Edmonton is clearly a city filled with tremendous talent and creativity when it comes to cocktail making which made this event very difficult to judge. For reference, the winner was Evan from Bar Clementine, with second place going to Jordan also of Bar Clementine, and third going to Brandon of El Cortez. This competition, or perhaps it was the Patron, got me thinking about a popular wedding trend: creating a signature cocktail for your reception.

A signature cocktail is an added personal touch, it can tell a story or add to the theme of your day. From a budget standpoint it can simplify and help keep the cost of an open bar under control if you choose to offer, beer, wine, bubbly and a signature cocktail.

I am sucker for champagne cocktails and my personal choice for my signature cocktail would be something along the lines of a French 77. A French 77 is a quarter of an ounce fresh lemon juice and one ounce St. Germain, topped off with champagne. My champagne of choice is Veuve Clicquot.

A signature cocktail can be an easy choice if you and your fiancé have a fondness for the same beverage, a story about meeting over a particular drink or a trip to fabulous place with a regional specialty you’d like to share with your guests.
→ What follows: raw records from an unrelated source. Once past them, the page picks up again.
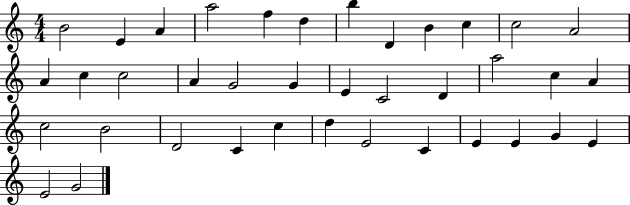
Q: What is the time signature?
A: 4/4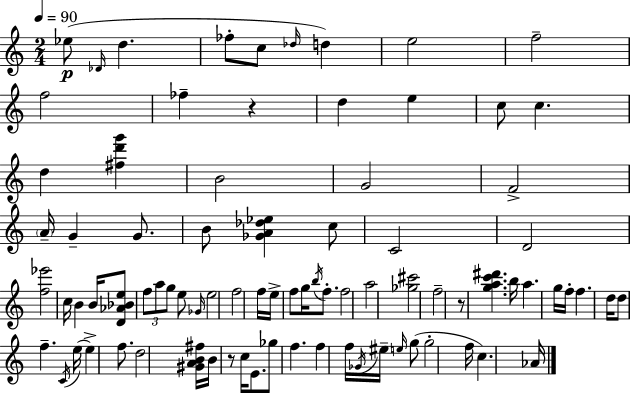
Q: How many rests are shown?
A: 3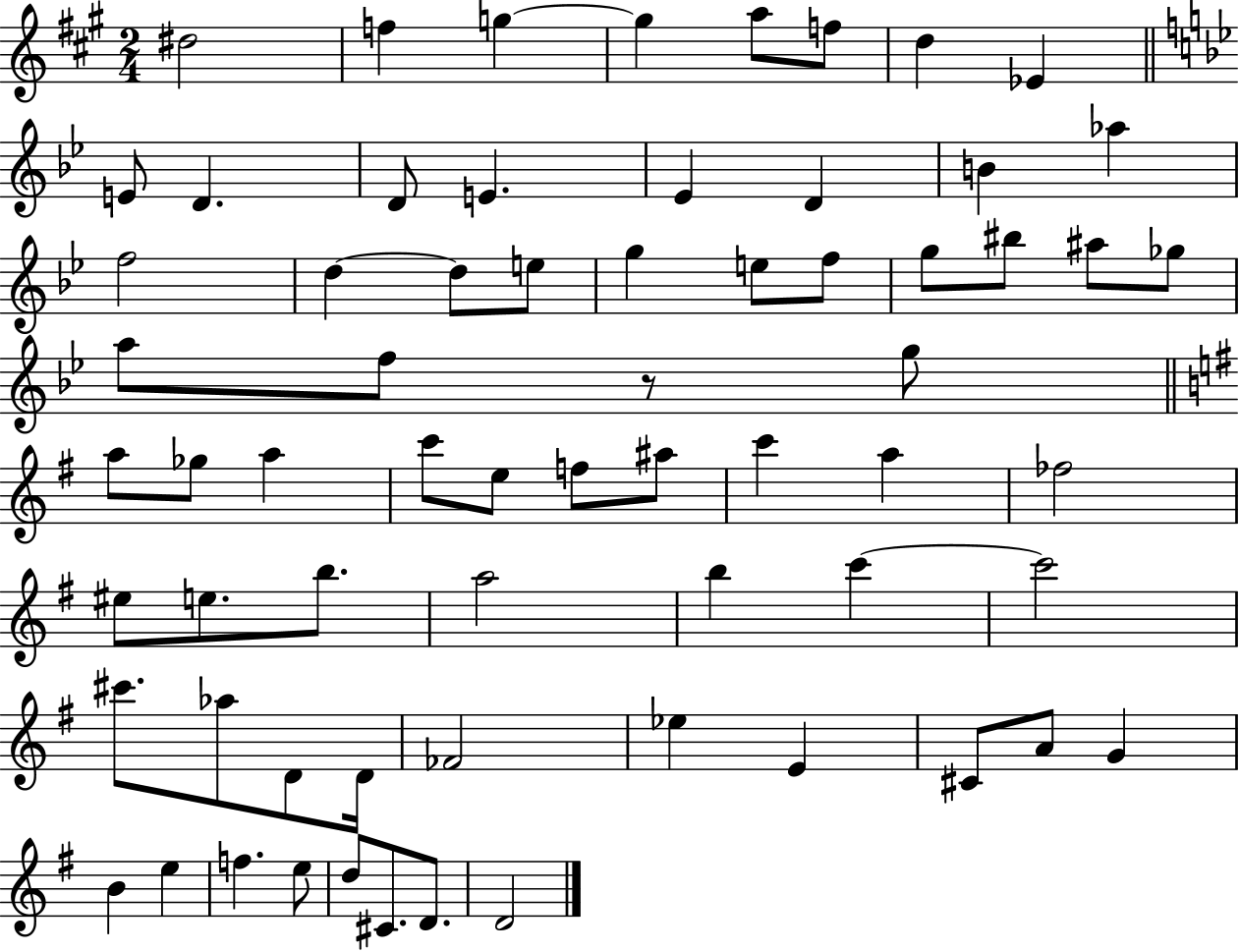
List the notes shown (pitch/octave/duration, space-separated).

D#5/h F5/q G5/q G5/q A5/e F5/e D5/q Eb4/q E4/e D4/q. D4/e E4/q. Eb4/q D4/q B4/q Ab5/q F5/h D5/q D5/e E5/e G5/q E5/e F5/e G5/e BIS5/e A#5/e Gb5/e A5/e F5/e R/e G5/e A5/e Gb5/e A5/q C6/e E5/e F5/e A#5/e C6/q A5/q FES5/h EIS5/e E5/e. B5/e. A5/h B5/q C6/q C6/h C#6/e. Ab5/e D4/e D4/s FES4/h Eb5/q E4/q C#4/e A4/e G4/q B4/q E5/q F5/q. E5/e D5/e C#4/e. D4/e. D4/h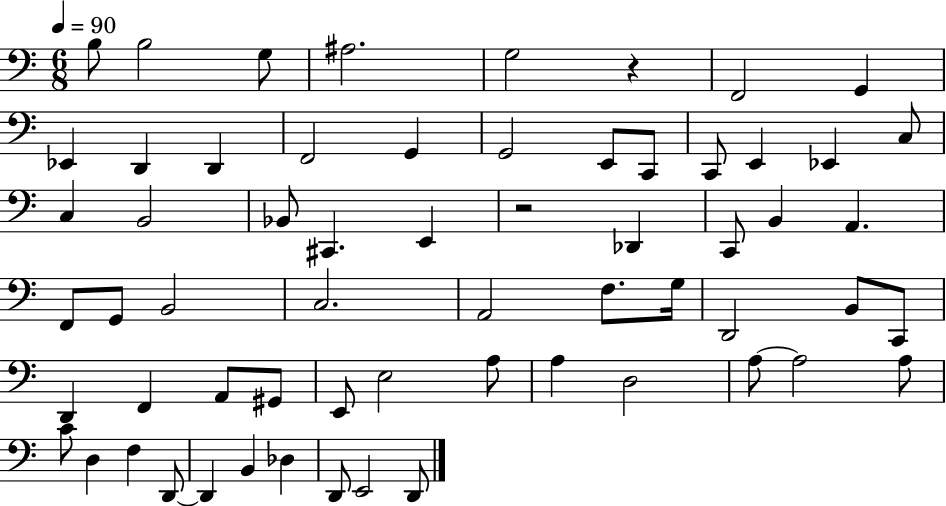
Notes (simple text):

B3/e B3/h G3/e A#3/h. G3/h R/q F2/h G2/q Eb2/q D2/q D2/q F2/h G2/q G2/h E2/e C2/e C2/e E2/q Eb2/q C3/e C3/q B2/h Bb2/e C#2/q. E2/q R/h Db2/q C2/e B2/q A2/q. F2/e G2/e B2/h C3/h. A2/h F3/e. G3/s D2/h B2/e C2/e D2/q F2/q A2/e G#2/e E2/e E3/h A3/e A3/q D3/h A3/e A3/h A3/e C4/e D3/q F3/q D2/e D2/q B2/q Db3/q D2/e E2/h D2/e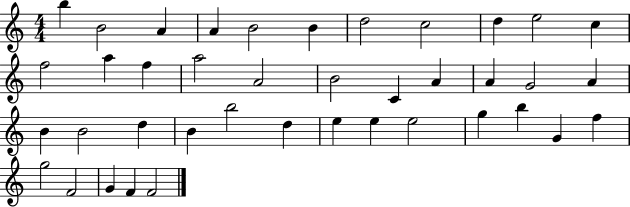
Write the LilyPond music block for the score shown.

{
  \clef treble
  \numericTimeSignature
  \time 4/4
  \key c \major
  b''4 b'2 a'4 | a'4 b'2 b'4 | d''2 c''2 | d''4 e''2 c''4 | \break f''2 a''4 f''4 | a''2 a'2 | b'2 c'4 a'4 | a'4 g'2 a'4 | \break b'4 b'2 d''4 | b'4 b''2 d''4 | e''4 e''4 e''2 | g''4 b''4 g'4 f''4 | \break g''2 f'2 | g'4 f'4 f'2 | \bar "|."
}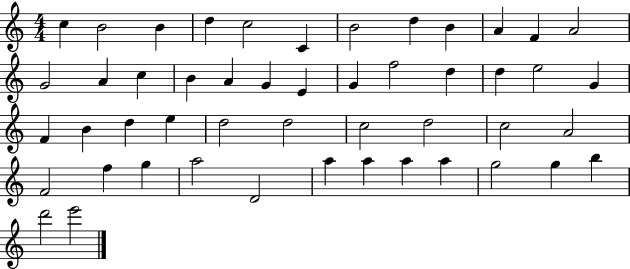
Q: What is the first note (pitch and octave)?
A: C5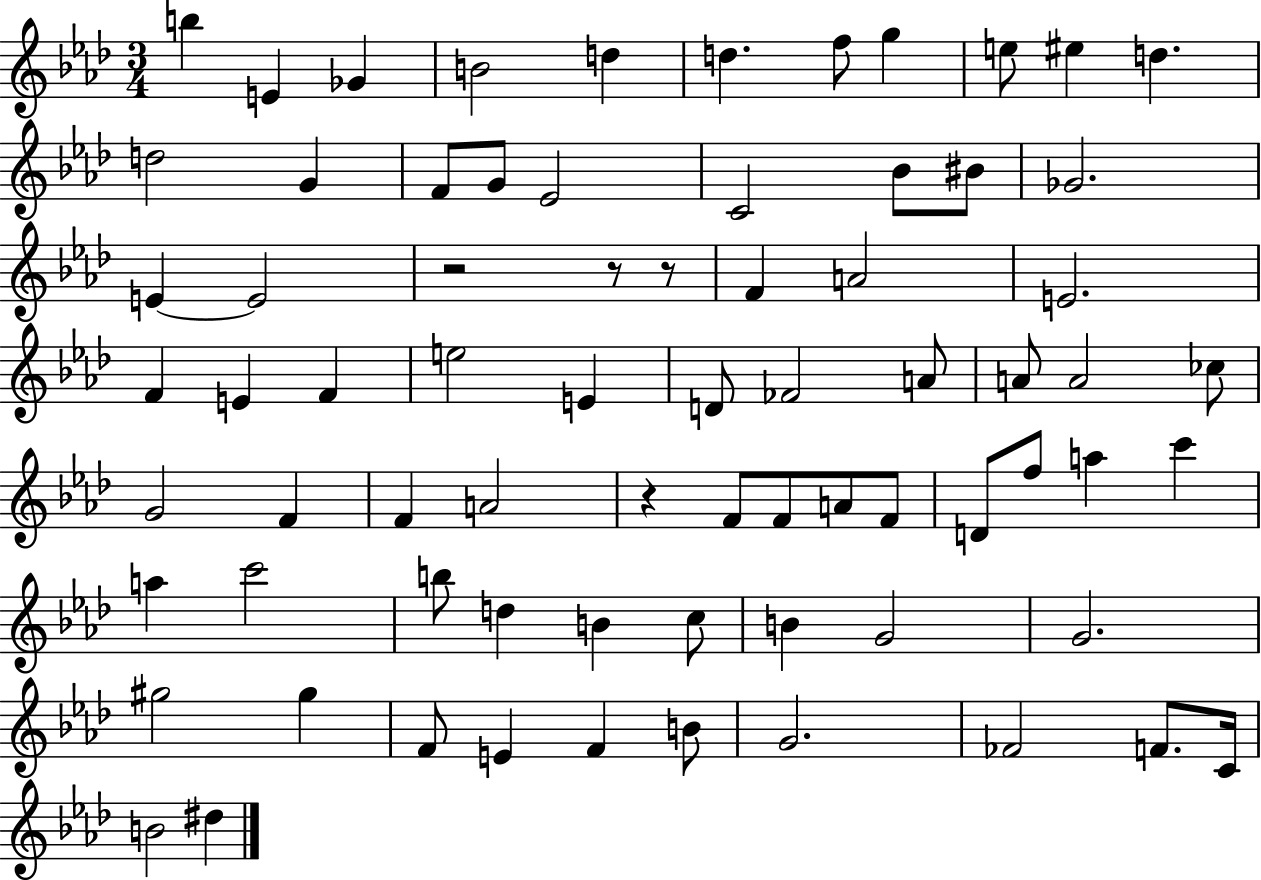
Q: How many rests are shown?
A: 4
If you don’t have a cocktail in common, that’s okay too, you can go with the theme, season or colour and if your tastes are still too different you can always offer a “his” and “her” beverage.

If you are building your cocktail from scratch a great starting place is finding a talented local bartender like any of the individuals listed above. A professional bartender will know what flavours are complementary, what appeals to a large audience as well as your own taste, and what is scalable in terms of being mixed efficiently for a large group without losing quality. So go out and start sampling, it’s research after all. Cheers!